Performance of the Multivariate Models in the Test Set: areas under the ROC,95% confidence interval, and p-value).
Neoadjuvant Therapy | Neoadjuvant Chemotherapy | Neoadjuvant Therapy in TN/HER2+ | |
---|---|---|---|
Number of features selected for multivariate modeling | 2 | 7 | 4 |
Logistic regression-based classifier | 0.658 (0.556—0.760, p = 0.0106) | 0.589 (0.484—0.694, p = 0.140) | 0.707 (0.582—0.832, p < 0.002) |
Support vector machine | 0.593 (0.482—0.703, p = 0.136) | 0.593 (0.489—0.694, p = 0.127) | 0.705 (0.581—0.829, p < 0.002) |
The results of our exploratory analysis using the 12 selected features are shown in Fig. 2. Two features were selected for TN/HER2+ patients who received NAT. Among these features, a tumor based feature (change_in_variance_of_uptake) was selected for the subpopulation of all patients who received NAT as well as the TN/HER2+ subpopulation. This feature quantifies the change in variance of tumor uptake by finding the minimum ratio of the variances of tumor voxels in two consecutive time points. For this feature, lower values predict a higher chance of achieving pCR. This tumor-based feature had the highest AUC among the 12 features selected in all subpopulations evaluated. An additional feature, extracted using FGT, was also selected and found to be significant in TN/HER2+ patients who received NAT. This feature, ‘SER_Partial_tissue_vol_cu_mm_T1’, is computed as a volumetric measure of FGT enhancement (extracted from T1 non-fat saturated sequences) using the signal enhancement ratio of FGT voxels. For this feature, higher values predicted a lower chance of achieving pCR. Of all the features evaluated, 6 were extracted from tumor alone, 5 were extracted from FGT alone, and one was extracted from both tumor and FGT.
Figure 2.
AUC and CI of individual features selected for at least one of the four subgroups used for predicting pCR in the test set. The triangular marker indicates that a particular feature was selected in the training set for the subgroup. Bold indicates that a feature’s confidence interval does not include 0.5
Discussion
In this study, we analyzed 288 breast cancer patients and demonstrated that multivariate machine learning models based on MRI features are able to predict pathologic complete response to neoadjuvant therapy in breast cancer. We selected important features from an initial set of 529 features using training data and subsequently developed multivariate machine learning models.

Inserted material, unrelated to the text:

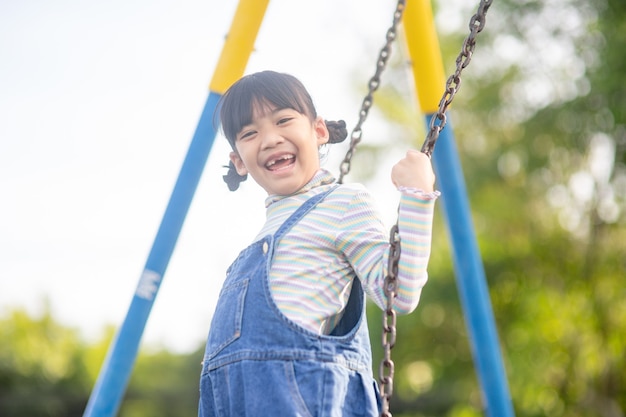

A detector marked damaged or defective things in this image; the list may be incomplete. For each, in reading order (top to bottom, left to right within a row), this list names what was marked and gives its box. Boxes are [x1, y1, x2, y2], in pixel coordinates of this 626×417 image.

We evaluated the performance of these models in our independent test set, validating their prognostic value in TN/HER+ patients.

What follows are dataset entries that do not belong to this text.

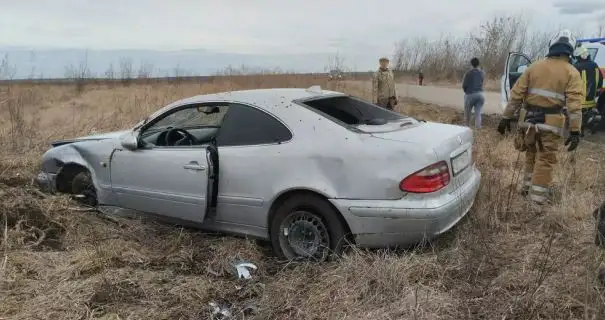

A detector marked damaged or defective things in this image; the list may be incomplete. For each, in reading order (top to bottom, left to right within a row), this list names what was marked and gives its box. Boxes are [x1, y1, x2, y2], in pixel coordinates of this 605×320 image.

dented car hood [50, 129, 130, 147]
damaged front bumper [35, 171, 57, 194]
crashed car [36, 87, 482, 260]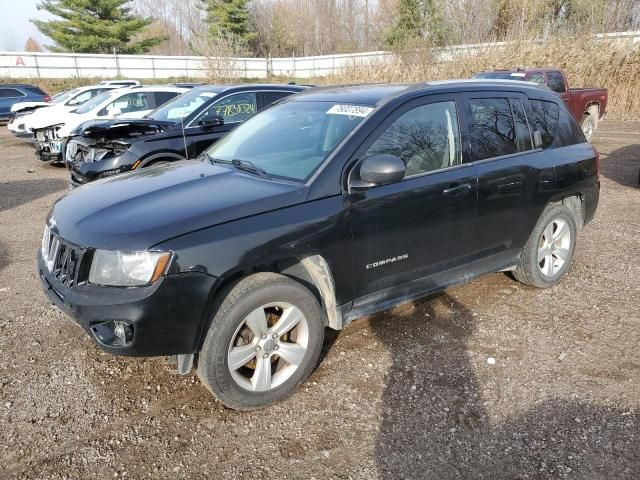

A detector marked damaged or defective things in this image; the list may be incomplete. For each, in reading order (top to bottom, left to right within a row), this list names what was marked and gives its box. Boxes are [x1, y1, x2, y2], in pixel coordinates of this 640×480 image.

damaged car [32, 85, 186, 162]
damaged car [63, 84, 308, 186]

Our study used a set of 529 MR features extracted from the pre-treatment breast MRIs of patients in our cohort. We used feature selection 34 to identify a smaller number of features (< 8) for further analysis. Models using less features (n=2) performed better compared to models using a higher number of features (n=7). The exploratory analysis showed three features that were independently prognostic of pCR in the test set. For each of our subpopulations, features extracted from tumor and FGT were selected to be included in our models and were combined to form a comprehensive set of features. Although Fan et al. used a similar combination of tumor and background parenchymal features to perform analyses, our study used the clinically preferred pathologic assessment to determine response rather than the RECIST criteria based on imaging 21.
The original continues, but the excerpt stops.